╭─ Records supplied

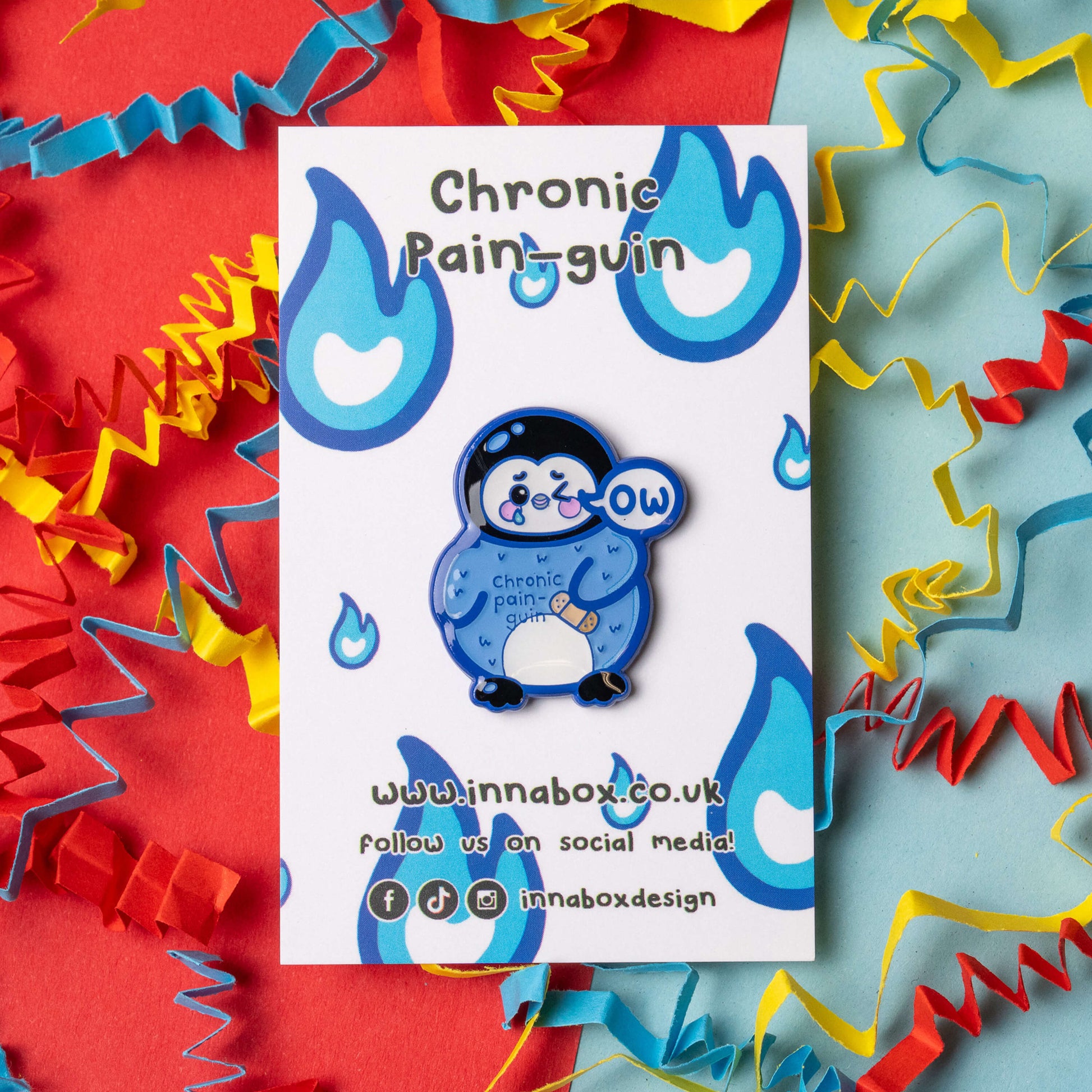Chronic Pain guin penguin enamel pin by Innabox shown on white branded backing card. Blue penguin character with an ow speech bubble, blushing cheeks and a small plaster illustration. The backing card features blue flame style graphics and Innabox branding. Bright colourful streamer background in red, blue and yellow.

╰─
╭─ Records supplied

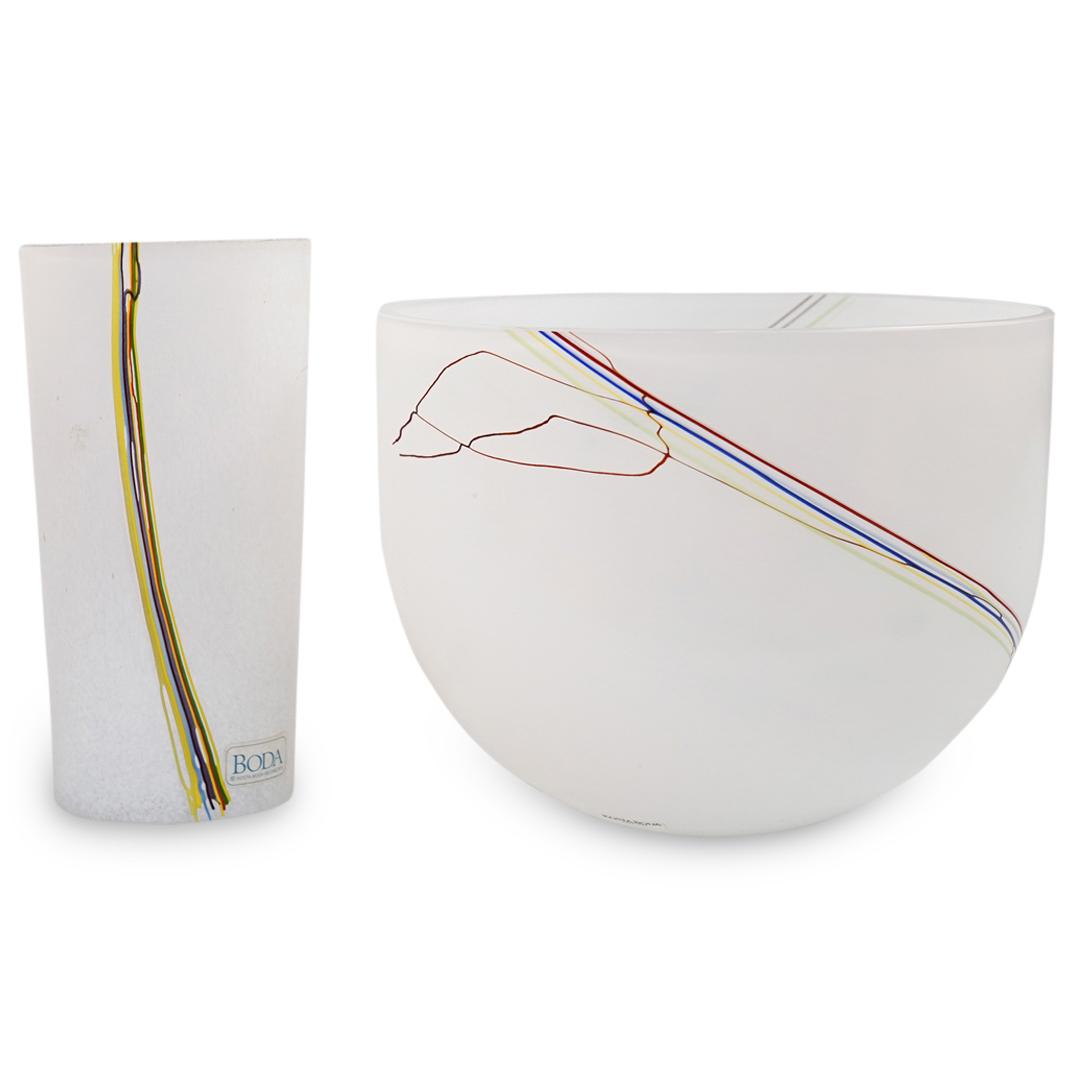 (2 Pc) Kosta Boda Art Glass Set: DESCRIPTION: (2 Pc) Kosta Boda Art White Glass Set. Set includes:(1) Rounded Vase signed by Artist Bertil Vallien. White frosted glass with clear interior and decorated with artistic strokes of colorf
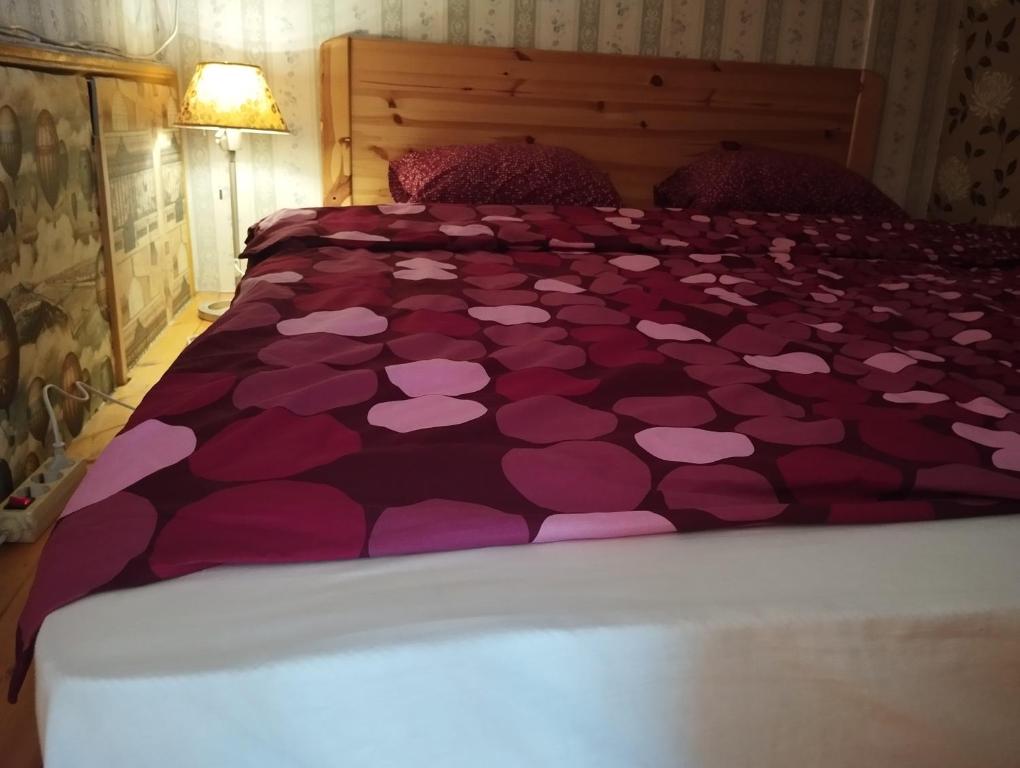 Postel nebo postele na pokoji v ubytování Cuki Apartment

╰─
╭─ Records supplied

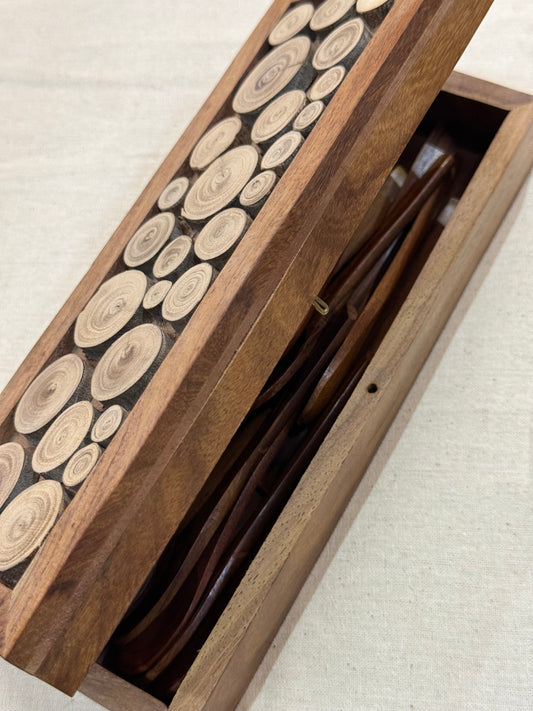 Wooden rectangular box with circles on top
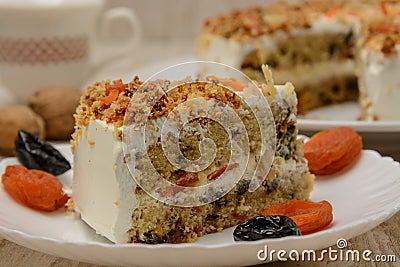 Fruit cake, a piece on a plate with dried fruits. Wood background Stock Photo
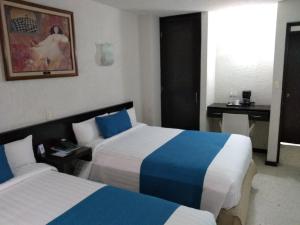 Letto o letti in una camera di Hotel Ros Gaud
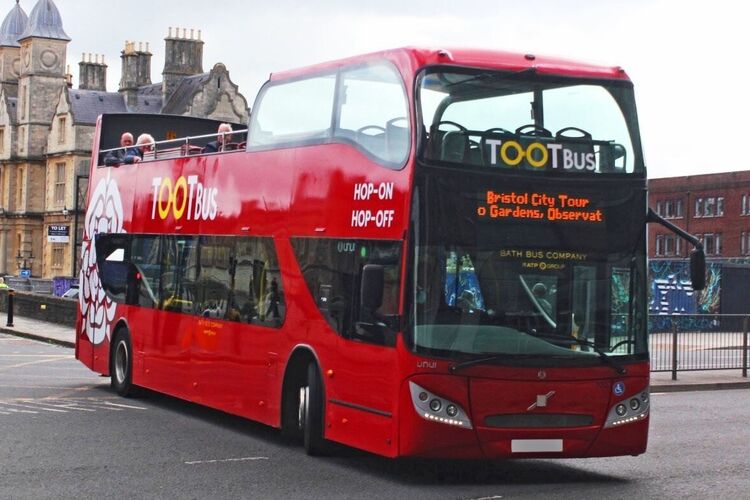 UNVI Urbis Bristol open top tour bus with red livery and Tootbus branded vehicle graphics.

╰─

• **The problem**:
Above are some records; quote exactly and only the lines that begin at the line containing "(2 Pc) Kosta Boda Art Glass" and stop after the line containing "Postel nebo postele", leaving out the pictures.

• **Task answer**:
 (2 Pc) Kosta Boda Art Glass Set: DESCRIPTION: (2 Pc) Kosta Boda Art White Glass Set. Set includes:(1) Rounded Vase signed by Artist Bertil Vallien. White frosted glass with clear interior and decorated with artistic strokes of colorf
 Postel nebo postele na pokoji v ubytování Cuki Apartment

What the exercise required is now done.